▶ MATERIALS PROVIDED:
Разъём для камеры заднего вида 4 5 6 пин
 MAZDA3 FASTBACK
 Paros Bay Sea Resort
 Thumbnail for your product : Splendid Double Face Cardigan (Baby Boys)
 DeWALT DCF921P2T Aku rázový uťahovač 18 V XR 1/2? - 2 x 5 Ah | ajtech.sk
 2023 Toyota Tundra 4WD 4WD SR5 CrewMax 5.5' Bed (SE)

▶ PROBLEM REQUIREMENTS: Output exactly what runs from the line with "DeWALT DCF921P2T Aku" to the final line above, both lines included, and nothing else.

▶ RESULT OF THE EXERCISE:
 DeWALT DCF921P2T Aku rázový uťahovač 18 V XR 1/2? - 2 x 5 Ah | ajtech.sk
 2023 Toyota Tundra 4WD 4WD SR5 CrewMax 5.5' Bed (SE)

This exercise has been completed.